* **What this task involves**: In the entries below, find the line with "Harley Nos Oem" and the line with "Medieval Dragon Diner"; give again those lines and every line between them, exactly.

* **Given data**:
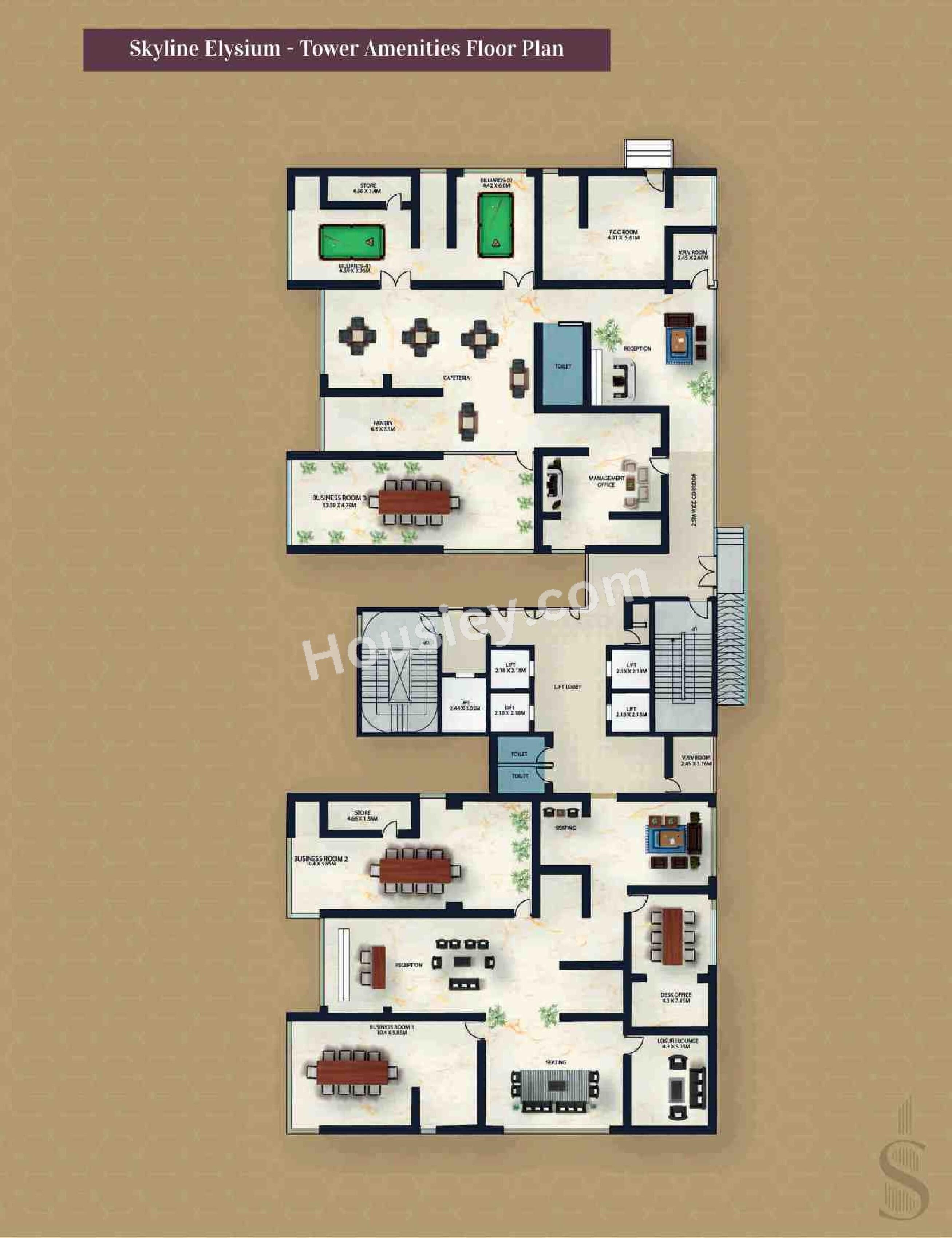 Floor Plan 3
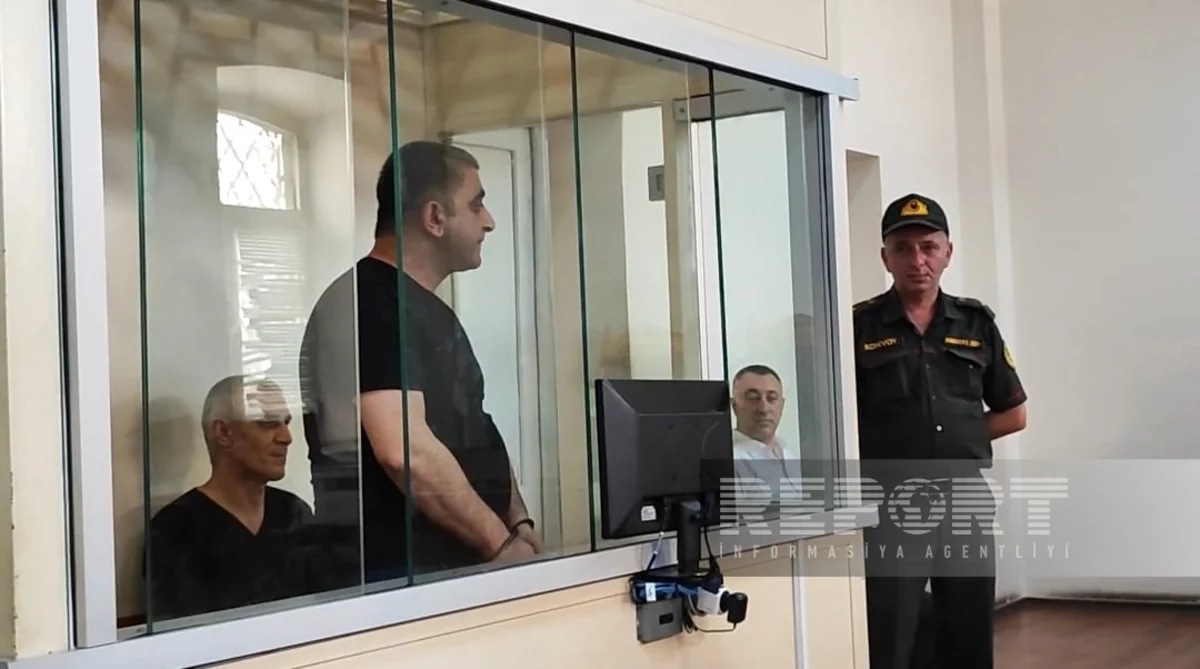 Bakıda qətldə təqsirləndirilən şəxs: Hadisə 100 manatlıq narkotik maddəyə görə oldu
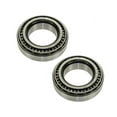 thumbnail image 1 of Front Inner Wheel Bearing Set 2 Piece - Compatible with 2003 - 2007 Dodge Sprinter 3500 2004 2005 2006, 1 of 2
==
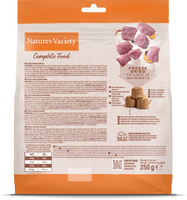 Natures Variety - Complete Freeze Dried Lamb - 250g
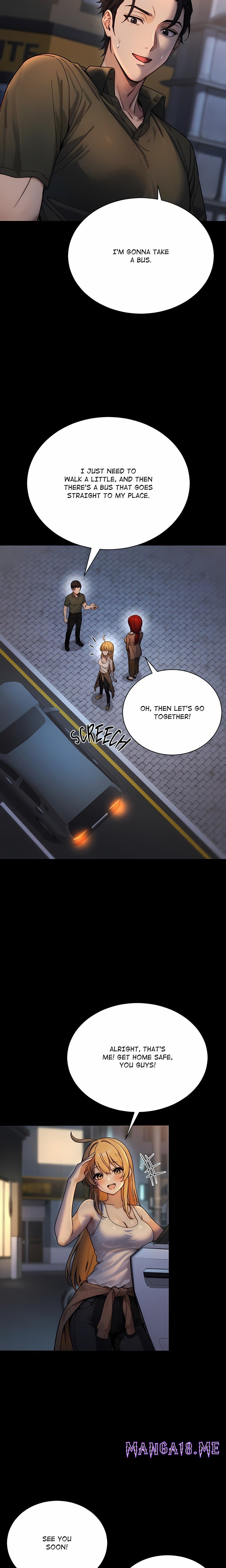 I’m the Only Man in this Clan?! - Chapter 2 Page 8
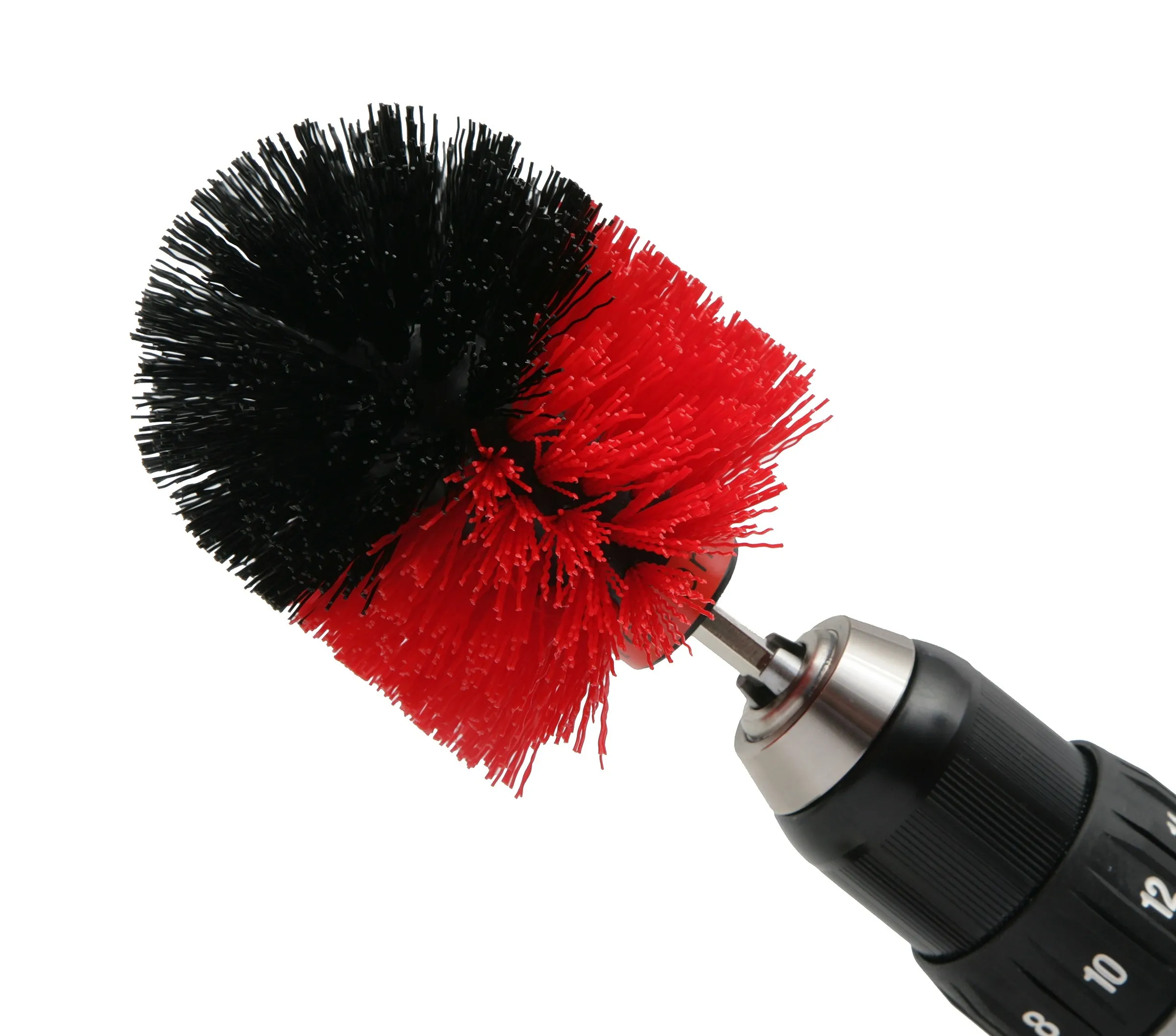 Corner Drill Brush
...
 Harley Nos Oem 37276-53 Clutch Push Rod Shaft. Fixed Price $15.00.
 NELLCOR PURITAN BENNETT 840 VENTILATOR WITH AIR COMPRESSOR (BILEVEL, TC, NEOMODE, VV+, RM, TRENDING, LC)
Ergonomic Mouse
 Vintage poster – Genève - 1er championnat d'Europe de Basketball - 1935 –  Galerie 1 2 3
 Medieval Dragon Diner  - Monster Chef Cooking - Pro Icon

* **Result of this exercise**:
 Harley Nos Oem 37276-53 Clutch Push Rod Shaft. Fixed Price $15.00.
 NELLCOR PURITAN BENNETT 840 VENTILATOR WITH AIR COMPRESSOR (BILEVEL, TC, NEOMODE, VV+, RM, TRENDING, LC)
Ergonomic Mouse
 Vintage poster – Genève - 1er championnat d'Europe de Basketball - 1935 –  Galerie 1 2 3
 Medieval Dragon Diner  - Monster Chef Cooking - Pro Icon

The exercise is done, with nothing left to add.